God bless interdependence.
It's really not that simple, the fact we're interdependent is actually bad, it's like one skier with a rope tied around him falling off the mountain.

There are lenghty reasons as to why they have stopped buying our treasuries, actually they haven't stopped but the can't keep up and not blow their own foot off for a lot of reasons, you'll see the rate on 10 year T bill climb and climb over the year to about 6.5% up from about 4.5% at previously normal levels.

This is just going to put the economy on a rack of pain.


http://www.financialsense.com/editor...2007/0620.html


Consider that the current national debt is $8.4 trillion dollars, which amounts to roughly $30,000 for every man, woman and child in the United States. In 2005 there were approximately 113,146,000 households, which means each household’s share of the national debt is $74,000.
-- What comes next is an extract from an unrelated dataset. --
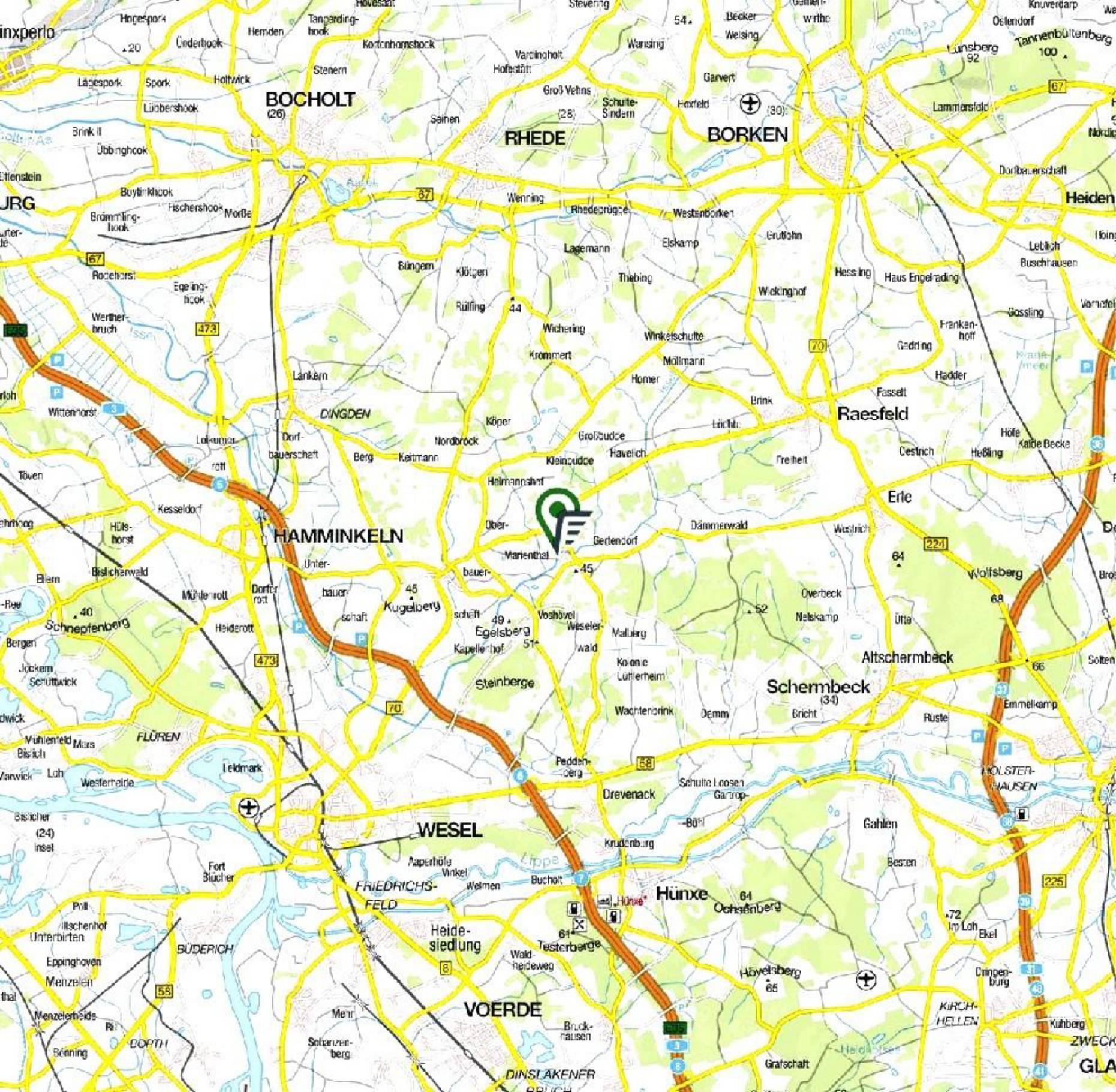 nordrheinwestpfalen 0014K0010-2024 Feldstr. 31, 46499 Hamminkeln, Brünen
In 2005, the median annual household income according to the US Census Bureau was determined to be $46,326, or just 62% of the total owed by each family.

While this does not seem daunting, the fact is that because of this ratio current income taxes collected by the IRS pay off only the interest on the debt owed. This is part of the reason that the government continually spends more than it receives – because tax receipts pay only interest owed on the debt.

However, if the US government were to follow GAAP accounting rules the net present value of future unfunded liabilities approaches $50 trillion dollars or $441,906 per household.

Now consider that the average household income is just 10% of each household’s share of the net present value of future unfunded liabilities. Therefore, at the rate that debt is increasing, eventually we'll reach a point where even if the government takes every penny of its citizens' income through taxation, it will still not collect enough to keep up with the interest payments.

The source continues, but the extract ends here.